What to produce - Transcribe all of the data verbatim, please, and leave out its pictures.

Given information -
------------------------------------------------------------------------

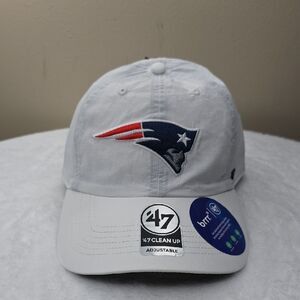 NWT 47 Brand New England Patriots  Brrr Clean Up Adjustable Hat Cap Strap White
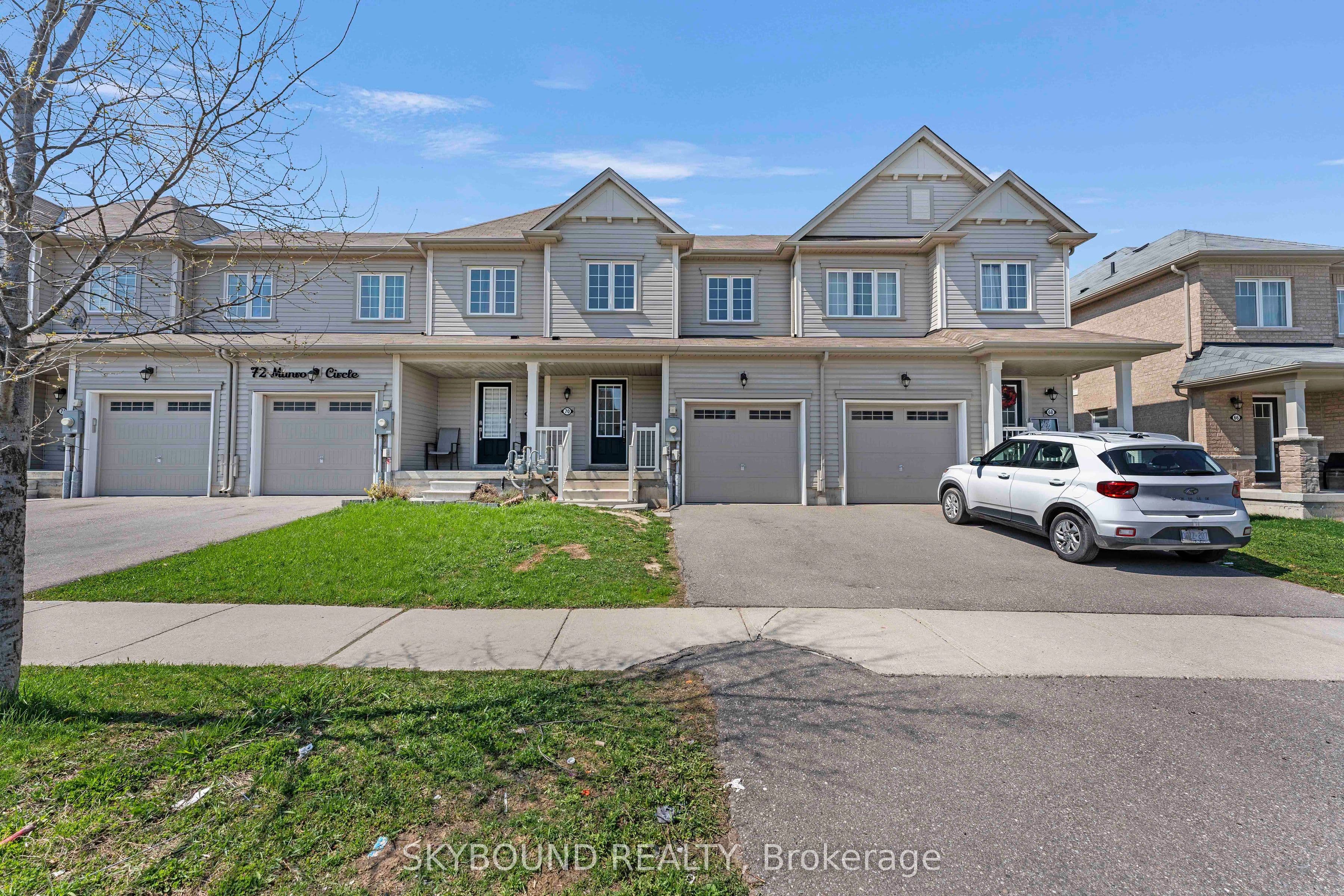 70 Munro Circle photo 1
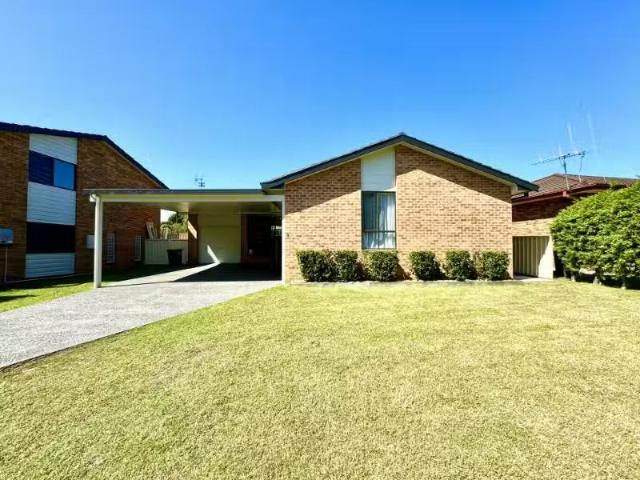 9 Lawson Crescent, TAREE House for rent Listed by Helen Palfr.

------------------------------------------------------------------------

Result for this exercise -
 NWT 47 Brand New England Patriots  Brrr Clean Up Adjustable Hat Cap Strap White
 70 Munro Circle photo 1
 9 Lawson Crescent, TAREE House for rent Listed by Helen Palfr.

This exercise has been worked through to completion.